BEGIN EXERCISE INPUT

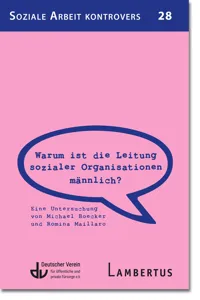 Warum ist die Leitung sozialer Organisationen männlich?_cover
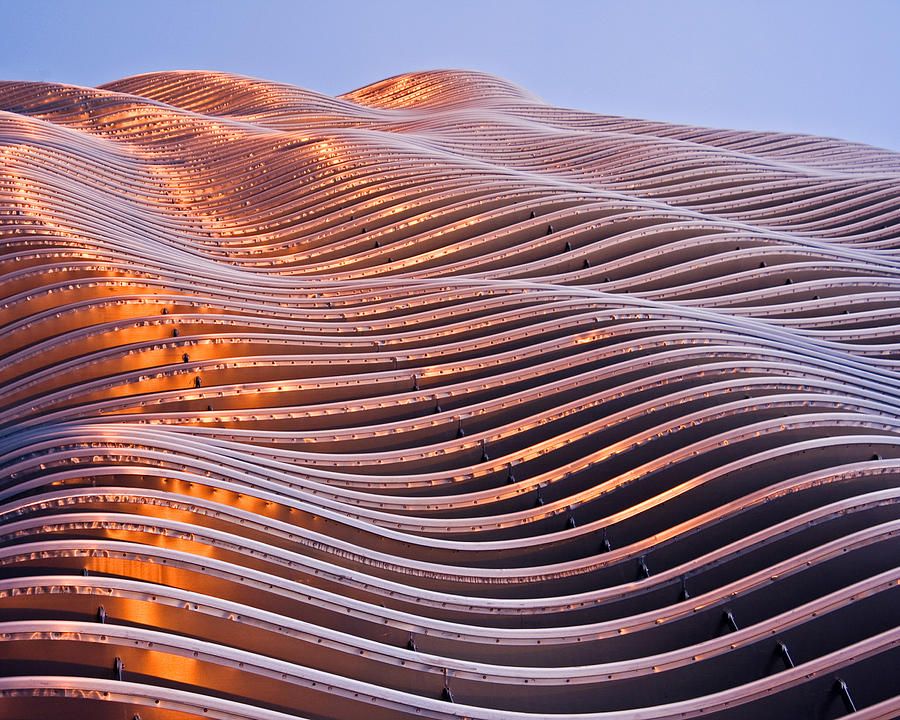 Dunes Of Steel Photograph by Kevin Anderson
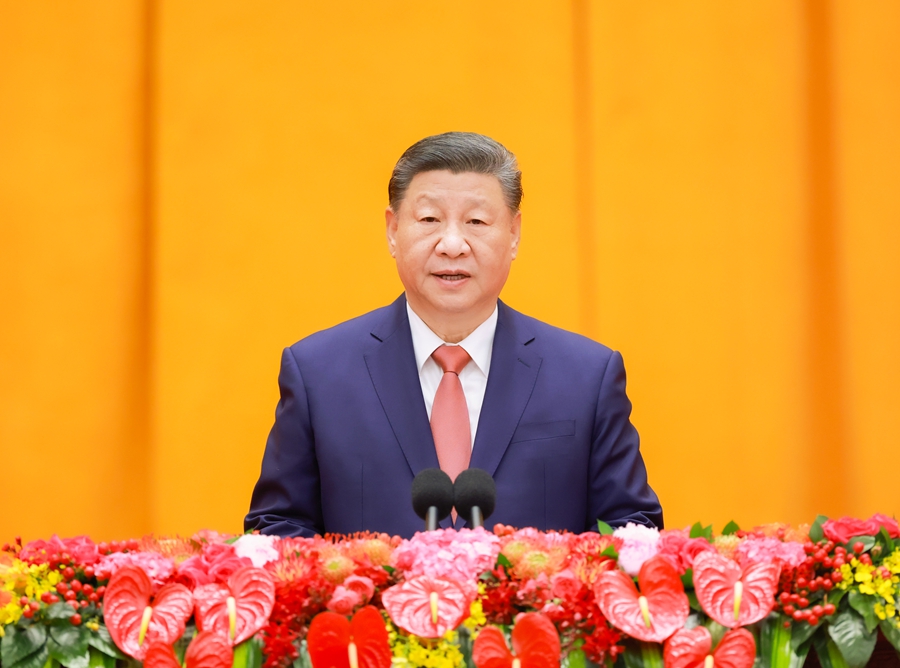 中共中央国务院举行春节团拜会 习近平发表讲话(图2)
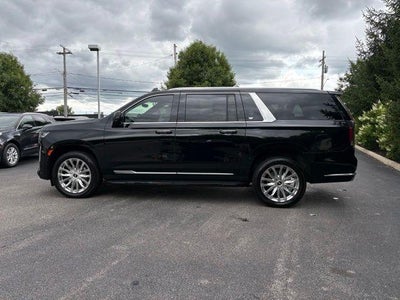 2023 Cadillac Escalade ESV 4WD Premium Luxury
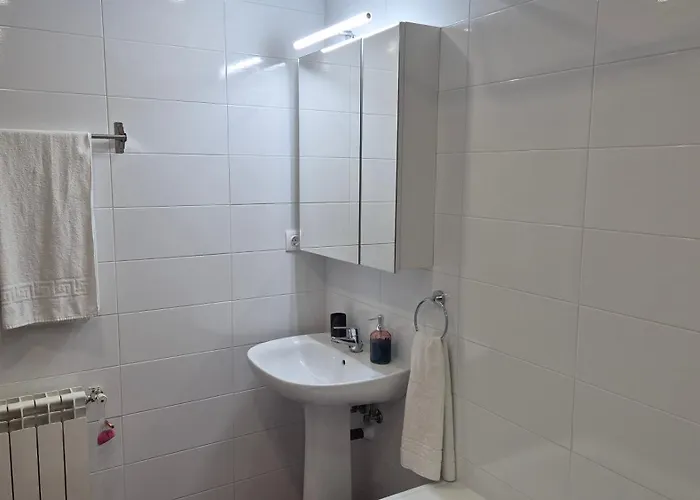 Grande Duplex Cerca Del Mar Apartment *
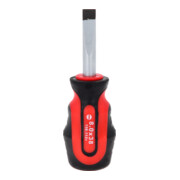 KS Tools ERGOTORQUEplus Schlitz-Schraubendreher, kurz, 8mm-4
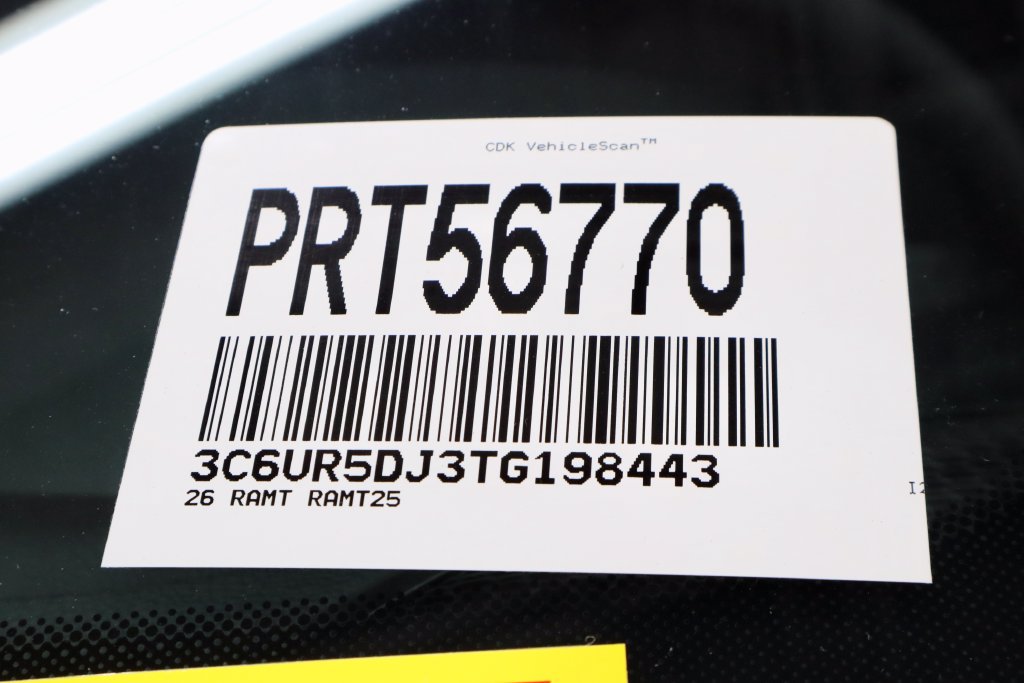 Used 2026 RAM 2500 Big Horn AWD/4WD image 39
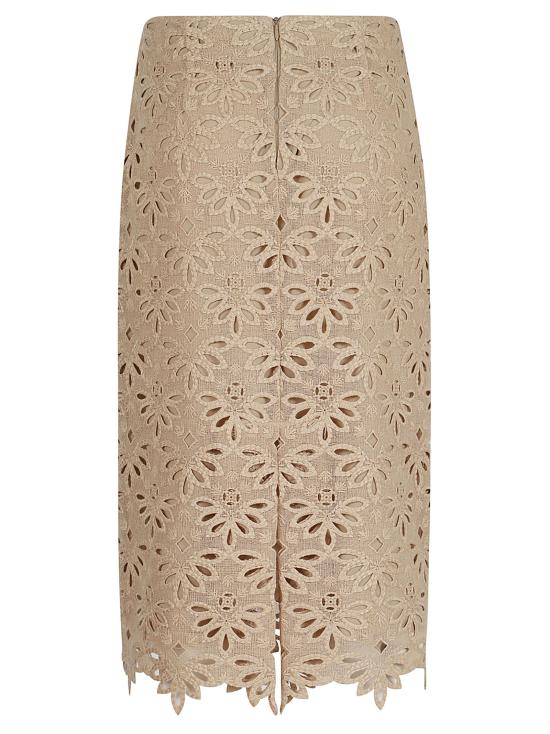  에르마노 설비노 롱 스커트 D442O333 EZV 51116 SAND - ERMANNO SCERVINO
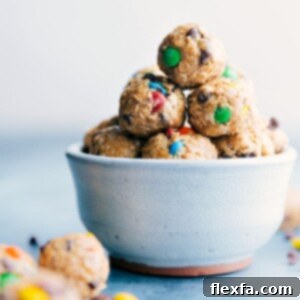 Monster Energy Balls recipe image
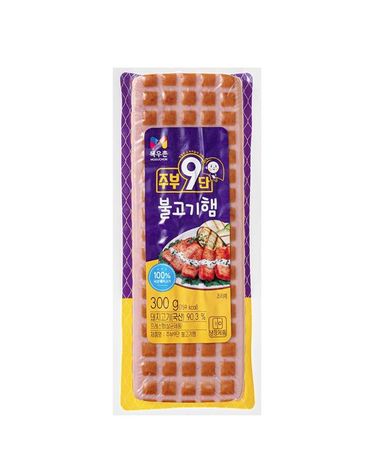 [보리보리] 목우촌 주부9단 불고기햄 300g 4개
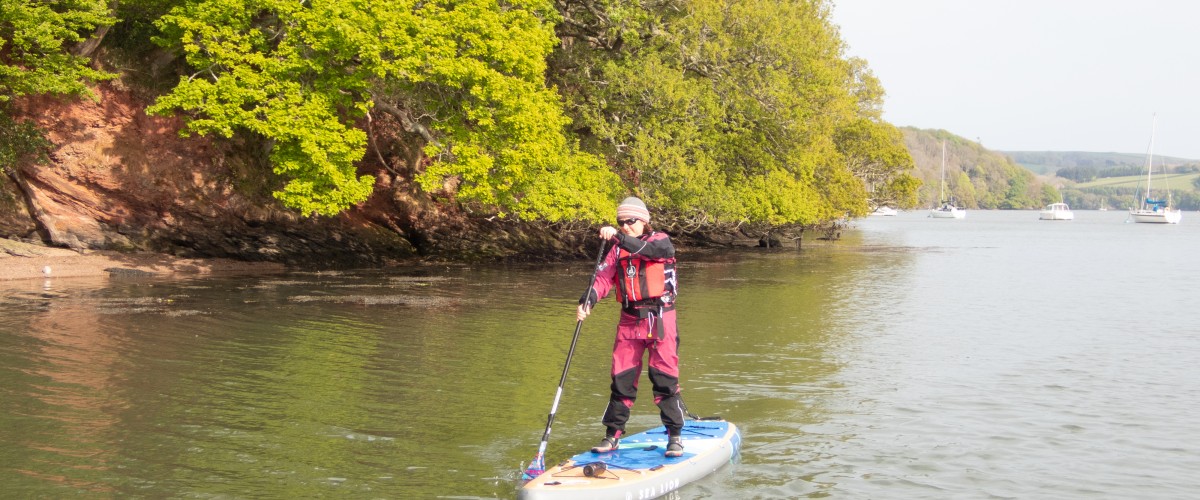 best places to paddle in Dartmouth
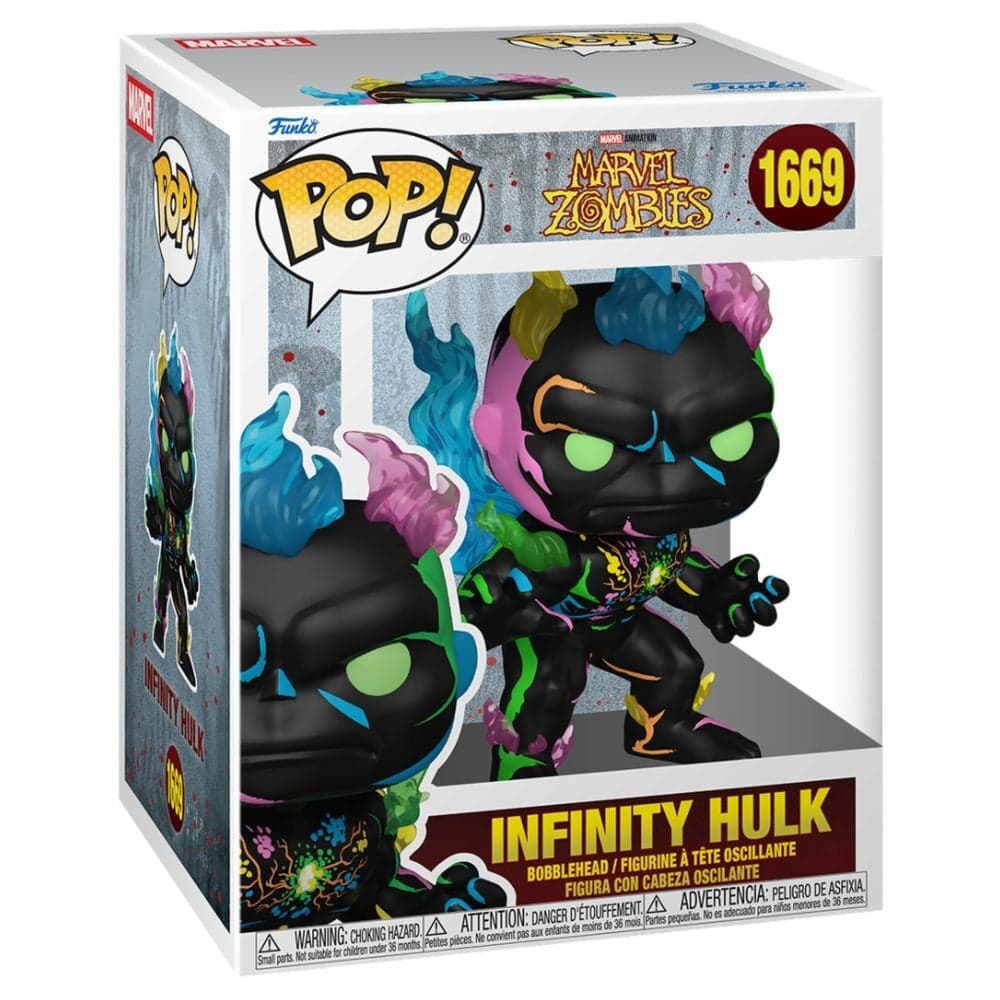 Figura POP Premium Marvel Zombies Infinity Hulk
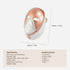 iebilif Rechargeable 7-Color LED Photon Face & Neck Mask – Skin Rejuvenation, Facial Beauty SPA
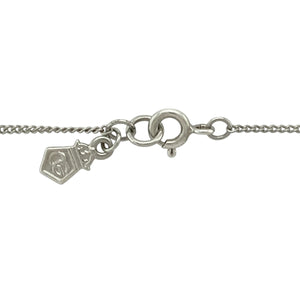 925 Silver Clogau Heart 18" - 22" Necklace
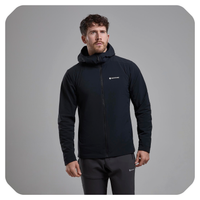 Khamsin Hooded Softshell Jacket (Negro)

END EXERCISE INPUT

## EXERCISE AIM
In the copy, omit the pictures and reproduce every entry exactly.

## SOLUTION TO THE PROBLEM
 Warum ist die Leitung sozialer Organisationen männlich?_cover
 Dunes Of Steel Photograph by Kevin Anderson
 中共中央国务院举行春节团拜会 习近平发表讲话(图2)
 2023 Cadillac Escalade ESV 4WD Premium Luxury
 Grande Duplex Cerca Del Mar Apartment *
 KS Tools ERGOTORQUEplus Schlitz-Schraubendreher, kurz, 8mm-4
 Used 2026 RAM 2500 Big Horn AWD/4WD image 39
  에르마노 설비노 롱 스커트 D442O333 EZV 51116 SAND - ERMANNO SCERVINO
 Monster Energy Balls recipe image
 [보리보리] 목우촌 주부9단 불고기햄 300g 4개
 best places to paddle in Dartmouth
 Figura POP Premium Marvel Zombies Infinity Hulk
 iebilif Rechargeable 7-Color LED Photon Face & Neck Mask – Skin Rejuvenation, Facial Beauty SPA
 925 Silver Clogau Heart 18" - 22" Necklace
 Khamsin Hooded Softshell Jacket (Negro)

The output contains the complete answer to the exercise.